• ABOUT THIS EXERCISE
Nothing but the lines from the one showing "Canyon Mesa Retreat Sedona Eksteriør bilde" through the final line of the data below belongs in the answer, duplicated exactly and without pictures.

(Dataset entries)
▬▬▬▬▬▬▬▬▬▬

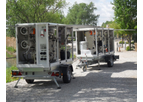 Idro - Model Blue B - Drinking Water from Brackish Water Plant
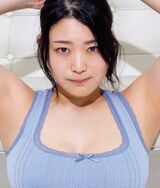 Kei Fubuki 50 swimsuit images including the latest gravure (3)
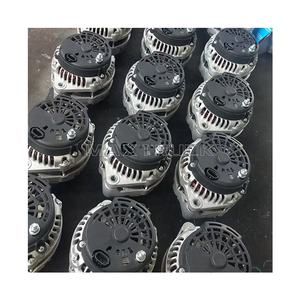 MAXTRUCK Meilleur prix Pièces de rechange pour camions lourds européens 504114396 504114397 504349338 Alternateur pour IV - Product Image 3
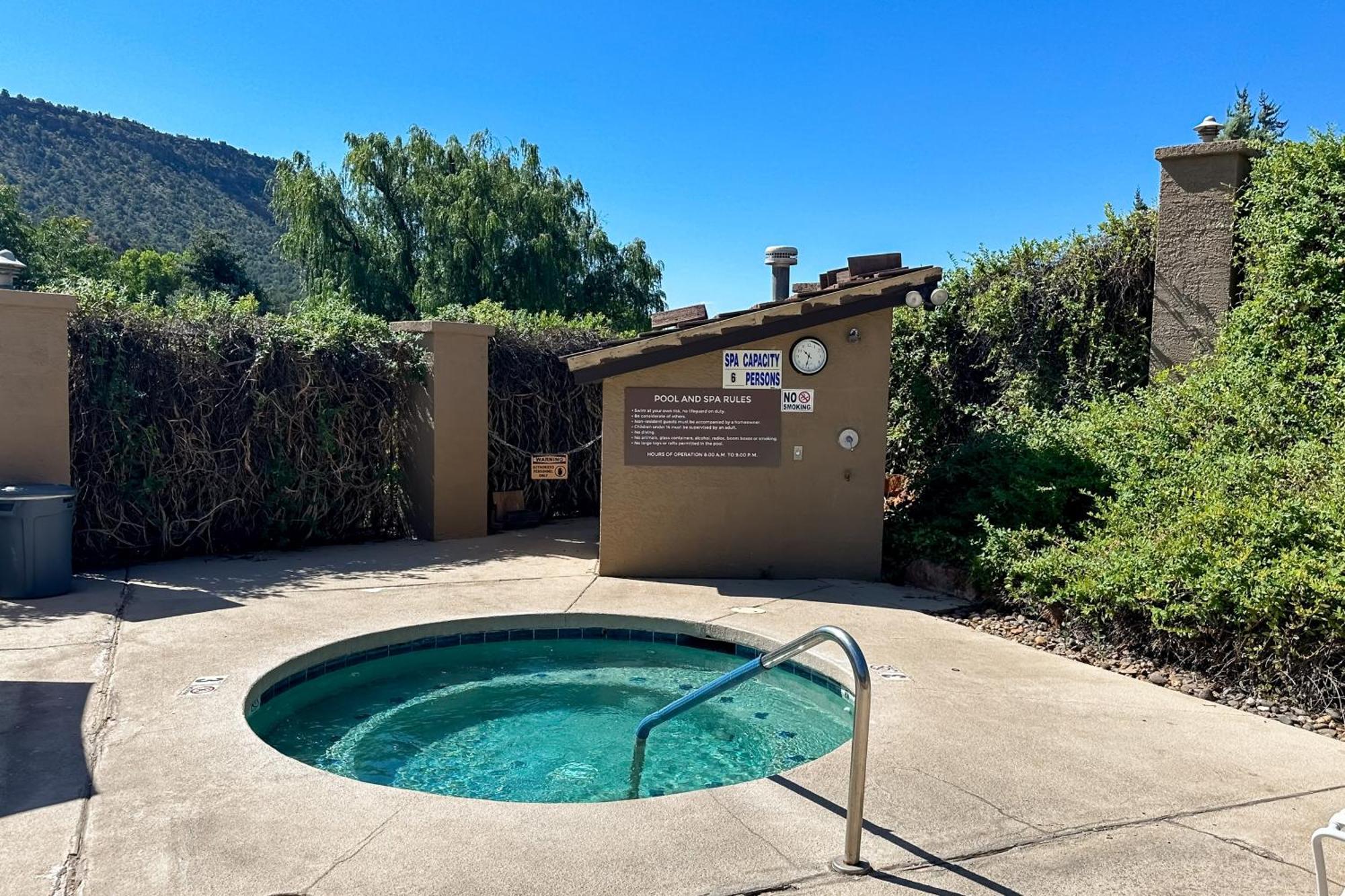 Canyon Mesa Retreat Sedona Eksteriør bilde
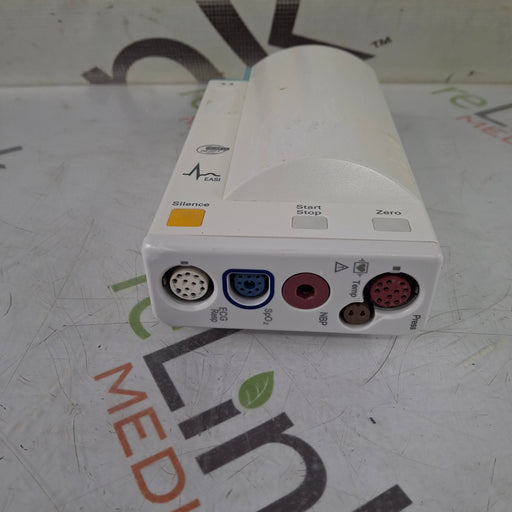 Philips Philips M3001A-A02C06 OxiMax SpO2, NIBP, ECG, Temp, IBP MMS Module Patient Monitors reLink Medical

▬▬▬▬▬▬▬▬▬▬

• OUTPUT OF THE EXERCISE
 Canyon Mesa Retreat Sedona Eksteriør bilde
 Philips Philips M3001A-A02C06 OxiMax SpO2, NIBP, ECG, Temp, IBP MMS Module Patient Monitors reLink Medical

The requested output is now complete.